• **Aim of the task**
What you return should match the material below line for line, except that no image appears in it.

• **Recorded data**
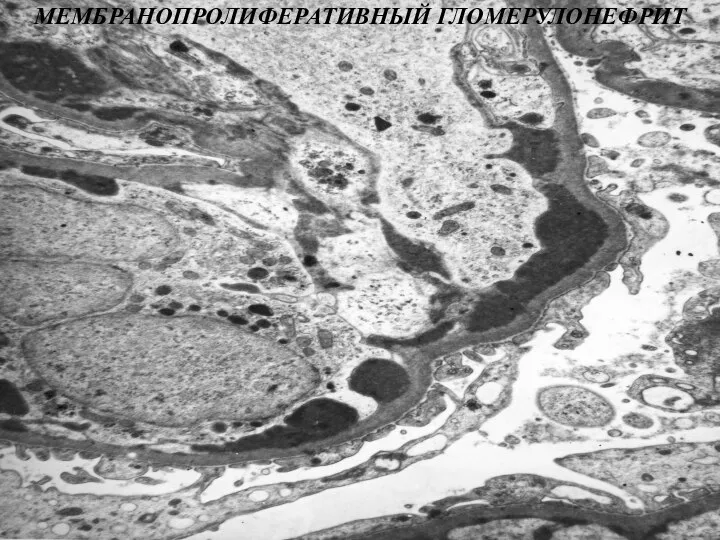 МЕМБРАНОПРОЛИФЕРАТИВНЫЙ ГЛОМЕРУЛОНЕФРИТ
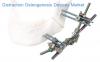 Photo for Distraction Osteogenesis Devices Market - Global Industry Insights, Trends, Outlook, and  Analysis, 2017-2025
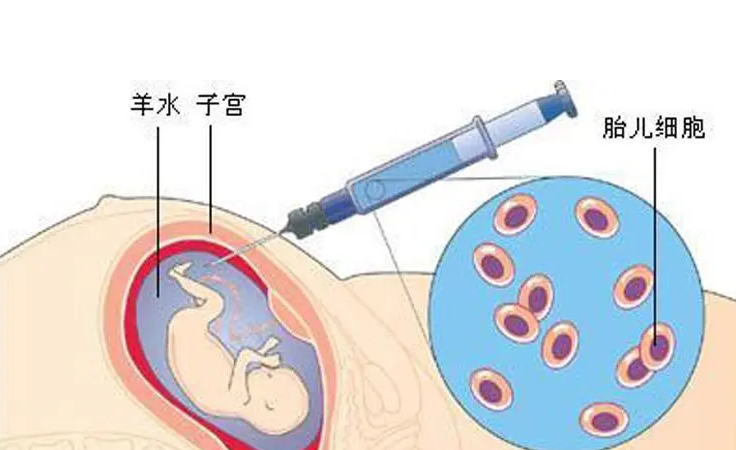 孕妇羊水穿刺做了后办公室坐着上班可以吗？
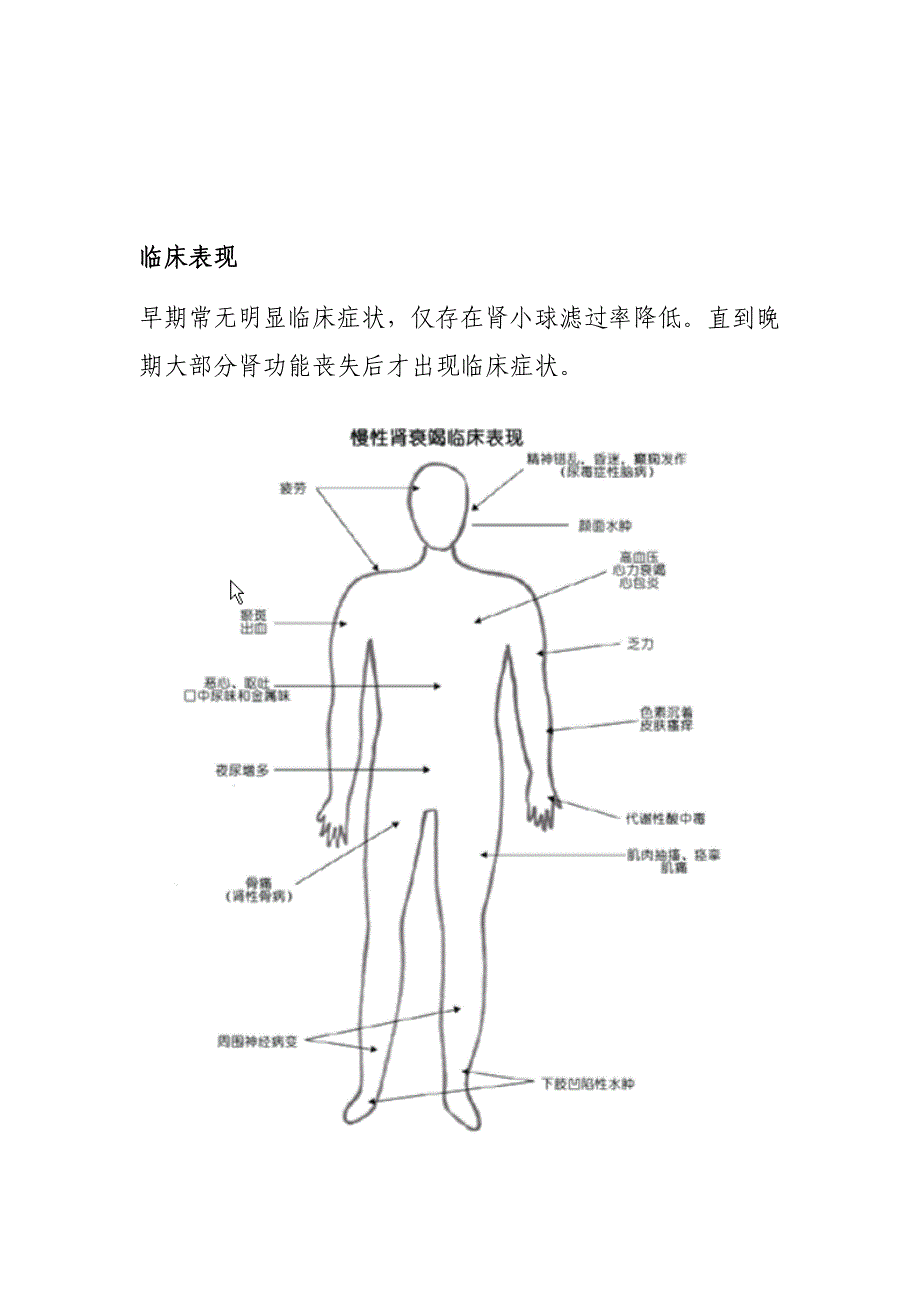 慢性肾衰竭及案例分析_第2页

• **Answer section**
 МЕМБРАНОПРОЛИФЕРАТИВНЫЙ ГЛОМЕРУЛОНЕФРИТ
 Photo for Distraction Osteogenesis Devices Market - Global Industry Insights, Trends, Outlook, and  Analysis, 2017-2025
 孕妇羊水穿刺做了后办公室坐着上班可以吗？
 慢性肾衰竭及案例分析_第2页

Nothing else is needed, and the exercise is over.